There are several statements known as "Miquel's Theorem", but the one I'm interested in here is Miquel's Six-Circle Theorem. It states that, if four points \( ABCD \) lie on a circle, and we draw four more circles through \( AB \), \( BC \), \( CD \), and \( AD \), the second intersection points of each of these four circles will also lie on a circle. Below I've drawn the first five circles in black, and the circle that must exist through the intersection points in red dashes.
One can find this in books and various web sources (e.g. here, here, or here). But what I haven't seen mentioned is that this can be interpreted in a very natural way as a statement about 3d geometry:
Theorem: Let a cuboid be placed in 3d in such a way that seven of its vertices belong to a sphere. Then the eighth vertex also belongs to the same sphere.

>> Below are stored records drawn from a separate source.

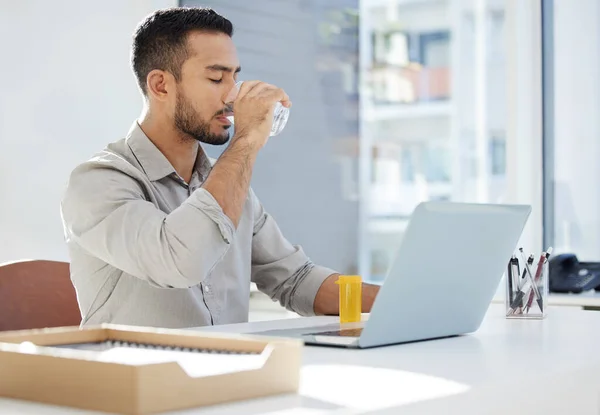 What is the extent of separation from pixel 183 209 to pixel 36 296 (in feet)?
1.72

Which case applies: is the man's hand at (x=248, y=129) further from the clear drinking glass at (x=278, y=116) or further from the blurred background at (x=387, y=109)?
the blurred background at (x=387, y=109)

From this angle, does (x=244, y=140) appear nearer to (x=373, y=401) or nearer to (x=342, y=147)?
(x=373, y=401)

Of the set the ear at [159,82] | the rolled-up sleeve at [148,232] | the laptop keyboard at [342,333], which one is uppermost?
the ear at [159,82]

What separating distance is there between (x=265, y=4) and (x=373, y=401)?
123 inches

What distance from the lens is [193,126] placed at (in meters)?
2.01

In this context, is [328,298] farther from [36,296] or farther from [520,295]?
[36,296]

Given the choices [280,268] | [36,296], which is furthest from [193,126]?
[36,296]

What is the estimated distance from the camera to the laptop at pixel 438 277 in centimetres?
124

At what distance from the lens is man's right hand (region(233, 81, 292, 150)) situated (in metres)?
1.82

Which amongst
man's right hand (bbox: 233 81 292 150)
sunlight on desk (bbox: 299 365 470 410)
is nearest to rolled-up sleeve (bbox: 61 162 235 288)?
man's right hand (bbox: 233 81 292 150)

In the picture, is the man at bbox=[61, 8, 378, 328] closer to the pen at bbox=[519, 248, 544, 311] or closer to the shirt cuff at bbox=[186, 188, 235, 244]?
the shirt cuff at bbox=[186, 188, 235, 244]

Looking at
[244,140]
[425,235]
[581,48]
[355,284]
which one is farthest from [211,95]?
[581,48]

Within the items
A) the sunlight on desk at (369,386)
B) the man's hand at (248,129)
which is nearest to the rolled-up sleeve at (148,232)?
the man's hand at (248,129)

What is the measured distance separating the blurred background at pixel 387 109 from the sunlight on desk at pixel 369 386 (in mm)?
2334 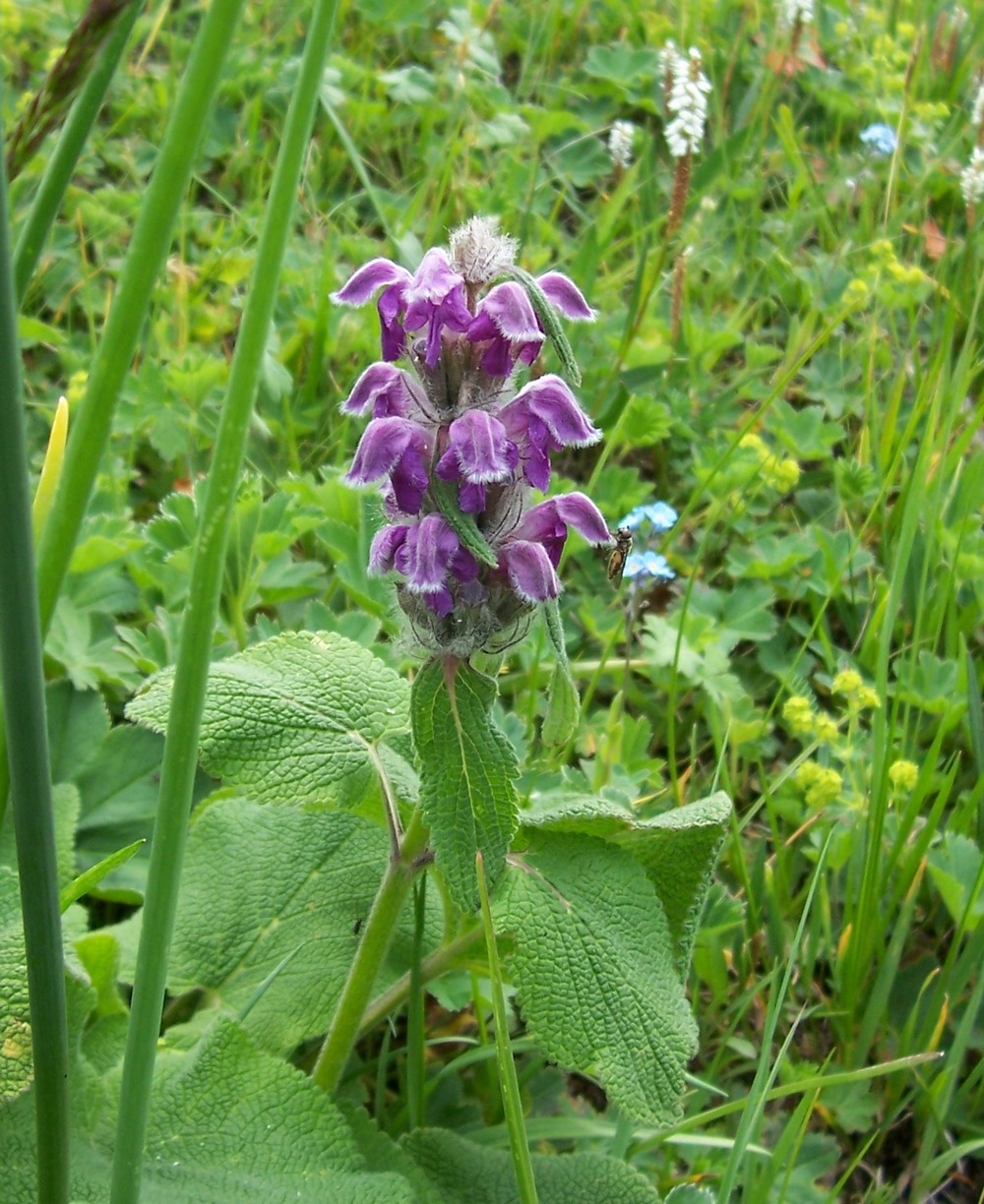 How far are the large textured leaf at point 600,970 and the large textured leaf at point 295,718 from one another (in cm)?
20

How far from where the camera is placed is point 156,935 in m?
0.80

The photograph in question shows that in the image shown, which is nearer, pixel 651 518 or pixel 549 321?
pixel 549 321

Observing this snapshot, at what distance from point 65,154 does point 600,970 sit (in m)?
0.87

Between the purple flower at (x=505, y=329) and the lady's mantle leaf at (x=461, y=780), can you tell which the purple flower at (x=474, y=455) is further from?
the lady's mantle leaf at (x=461, y=780)

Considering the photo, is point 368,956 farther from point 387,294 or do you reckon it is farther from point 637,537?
point 637,537

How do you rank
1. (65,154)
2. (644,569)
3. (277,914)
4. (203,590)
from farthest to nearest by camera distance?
1. (644,569)
2. (277,914)
3. (65,154)
4. (203,590)

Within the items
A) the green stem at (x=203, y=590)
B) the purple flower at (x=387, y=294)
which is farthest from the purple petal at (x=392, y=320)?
the green stem at (x=203, y=590)

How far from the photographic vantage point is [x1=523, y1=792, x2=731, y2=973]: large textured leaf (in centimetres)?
131

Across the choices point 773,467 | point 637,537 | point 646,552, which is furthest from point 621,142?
point 646,552

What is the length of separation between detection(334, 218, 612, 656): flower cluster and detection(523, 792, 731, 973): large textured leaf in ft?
0.78

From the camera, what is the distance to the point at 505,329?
3.46 feet

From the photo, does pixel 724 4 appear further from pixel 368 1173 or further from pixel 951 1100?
pixel 368 1173

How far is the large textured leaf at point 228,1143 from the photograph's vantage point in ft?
3.81

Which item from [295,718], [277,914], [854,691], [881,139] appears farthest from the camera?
[881,139] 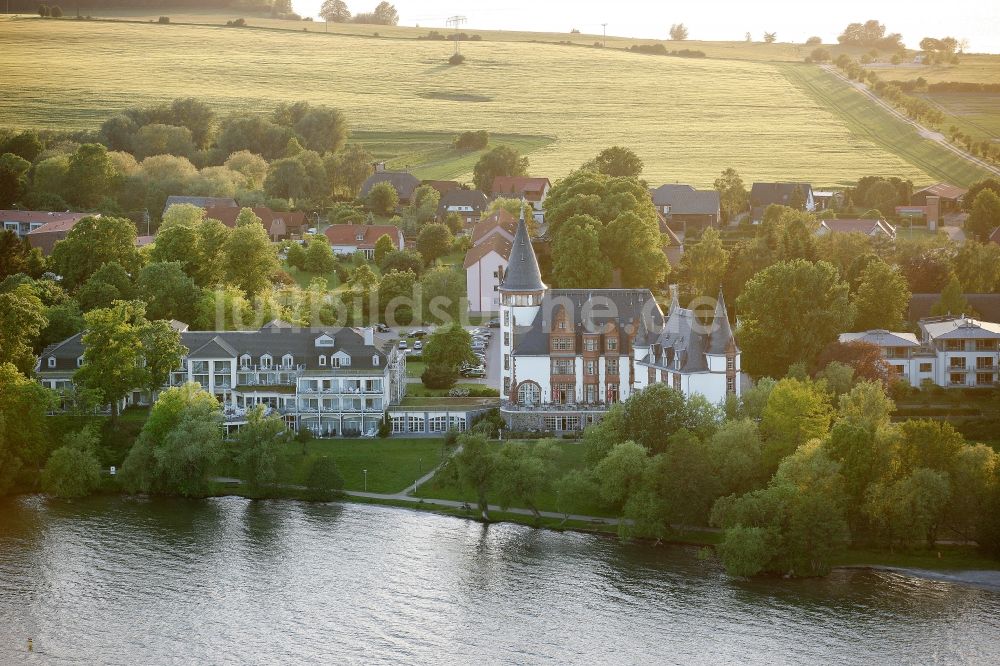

Proof: By polar projection we can transform statements such as Miquel's from circles in the plane into equivalent statements about circles on a sphere. But a circle on a sphere is just the intersection of the sphere with a plane, and three circles meet at a point when the point where the corresponding three planes meet lies on the sphere. So, if seven cuboid vertices lie on a sphere, then any four of them on the same face can be taken as \( ABCD \); let the other four vertices be correspondingly \( A'B'C'D' \). Miquel's theorem for circles on a sphere tells us that the four points where the lines \( AA' \), \( BB' \), \( CC' \), and \( DD' \) cross the sphere are coplanar. Since three of these crossing points are cuboid vertices belonging to the plane \( A'B'C'D' \), the fourth must be as well.
*wanders off grumbling about needing a copy of Cinderella that runs under OS X*
ETA, 1/23/08: Miquel's original paper can be found here, and already mentions the generalization to circles on a sphere, though not to vertices of cuboids. Thanks to Tim Robinson for digging all this up.